Jimmy Eat World’s last record, 2016’s Integrity Blues, felt like a big moment for the Arizona emo heroes. Despite a title that conjured up images of frontman Jim Adkins strumming his way down the Mississippi River, it actually found the quartet turning down their full-hearted guitars in favour of a moodier digital sheen – a consequence of working with M83 producer Justin Meldal-Johnsen. What followed was arguably the band’s best music in a decade, the work in foreign territory clearly rekindling something within its creators.

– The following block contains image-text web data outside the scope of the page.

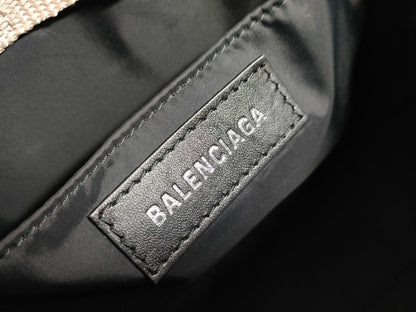 BALENCIAGA Amy Messenger Bag 656106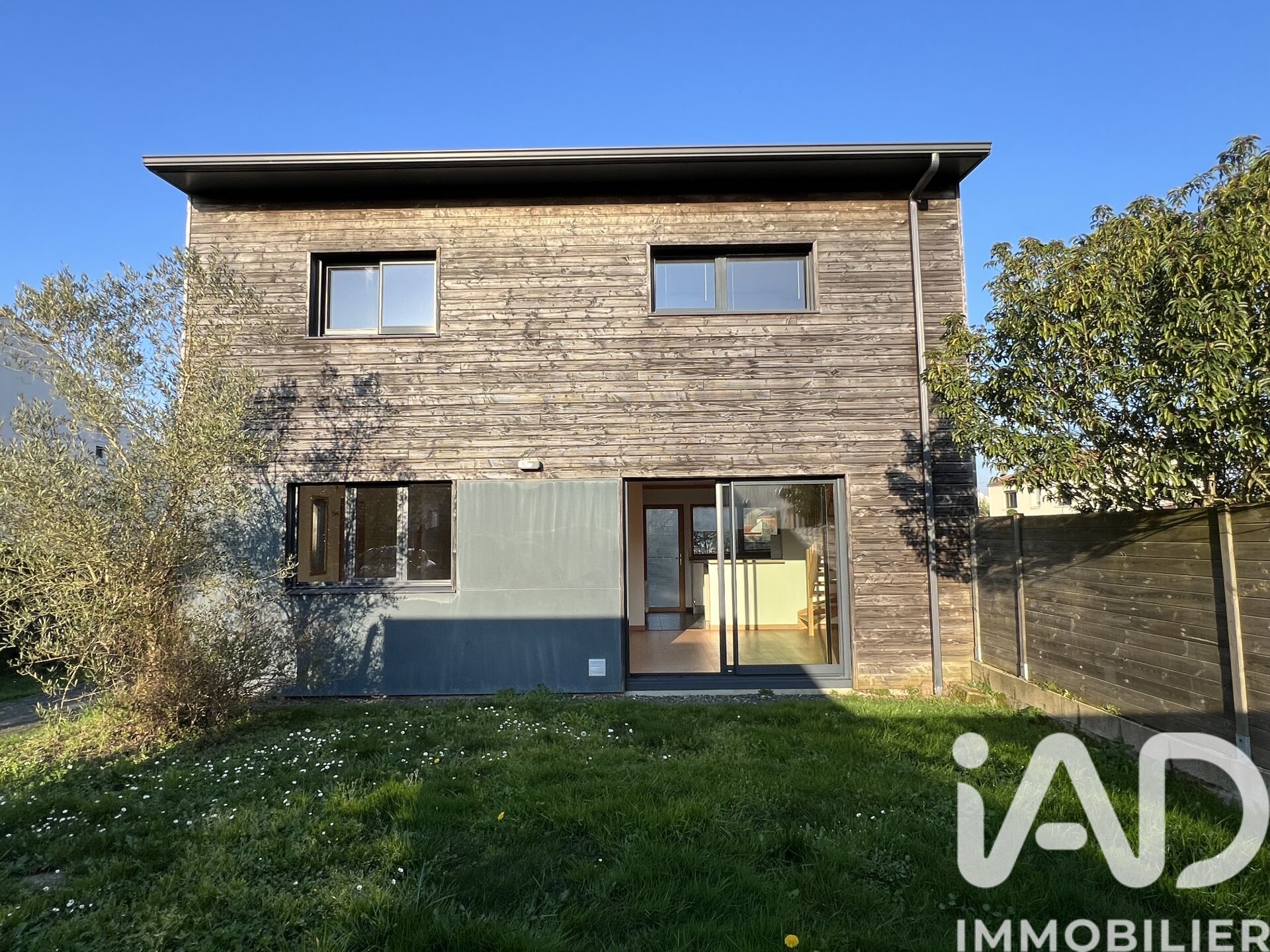 Ste-Pazanne - 103m² - 5p. - 3ch.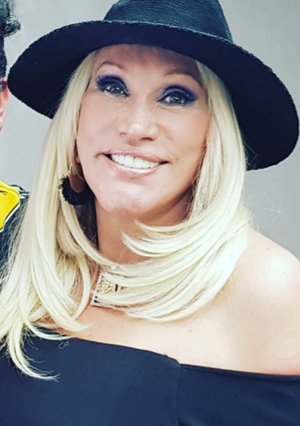 Laura León AI cover generator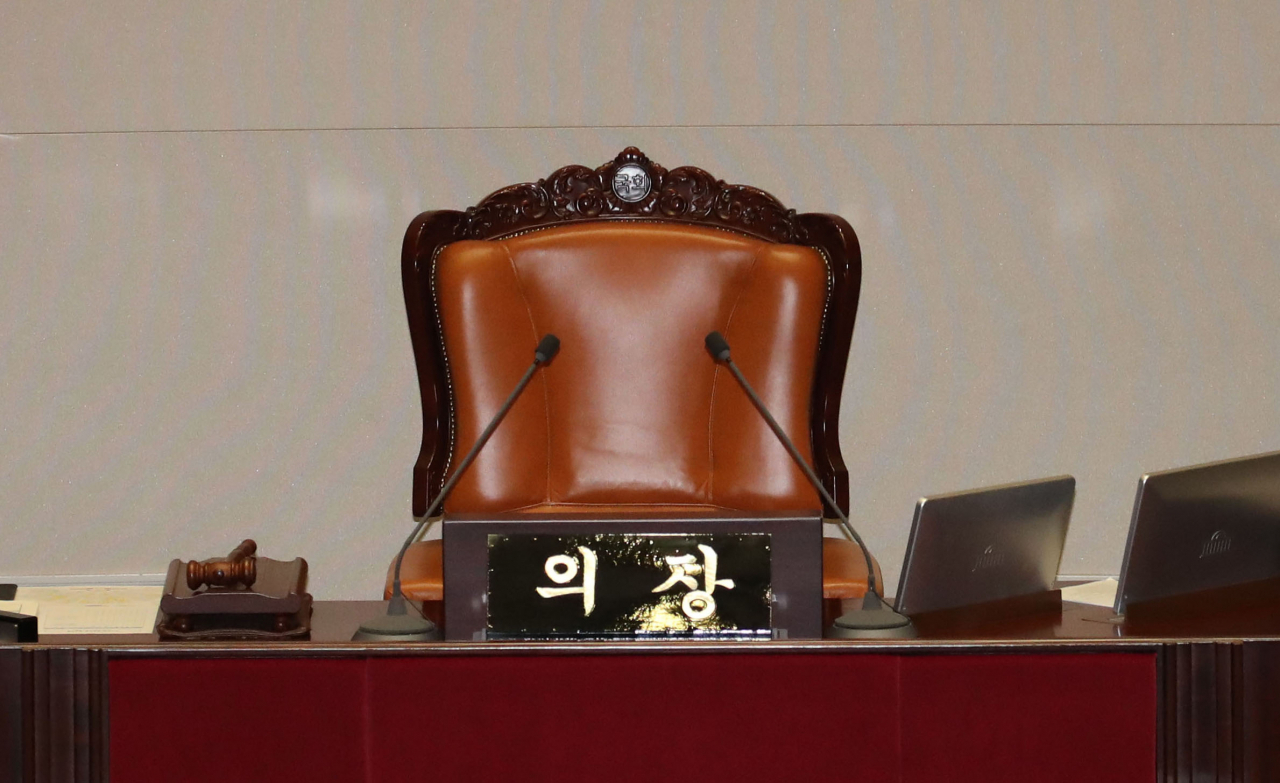 13일 공직선거법 개정안, 검찰개혁 법안 등 패스트트랙(신속처리안건) 법안의 국회 본회의 상정이 무산됐다. [연합뉴스]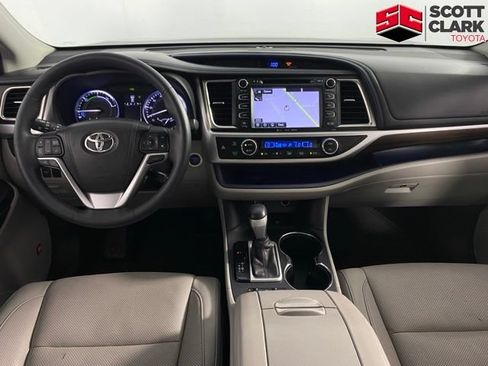 Used 2016 Toyota Highlander Limited Platinum AWD/4WD image 24
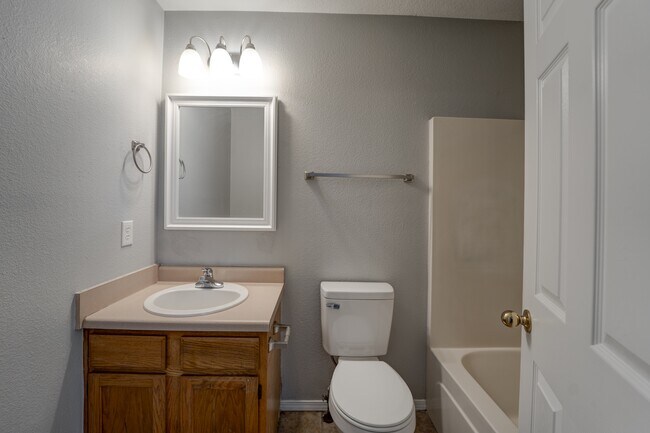 Foto del edificio - 344 Grant Springs Dr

Curiously, Surviving, Jimmy Eat World’s 10th album, does not follow the same path that Integrity Blues seemed to be treading, instead returning to something closer to the band’s rockier roots. But this record does owe its predecessor a debt for the adventurous spirit and fresh lease of life that it clearly bestowed upon the band. If it hadn’t, we probably wouldn’t have All The Way (Stay), a brilliantly upbeat track that marries sparkling guitars with a Midwestern stomp before suddenly exploding into a free-form saxophone solo. That’s right, Jimmy Eat World now have a song with a sax, and it’s great.
The jazz freak-out may be an isolated incident, but it’s a moment packed with unfiltered feeling and power, and there are plenty others like it on Surviving. The wistful Delivery is a delicate, touch-it-and-you’ll-break-it number that feels like some lost offcut from the band’s underrated 2010 album Invented, where quietly shimmering synths add weight to Jim’s restless observation that ‘The things you hope someday will come keep waiting’. In contrast, the band go super-size on Recommit, as a hazy build-up tips towards an avalanche of dark energy, all piercing guitar shrieks and sore feelings.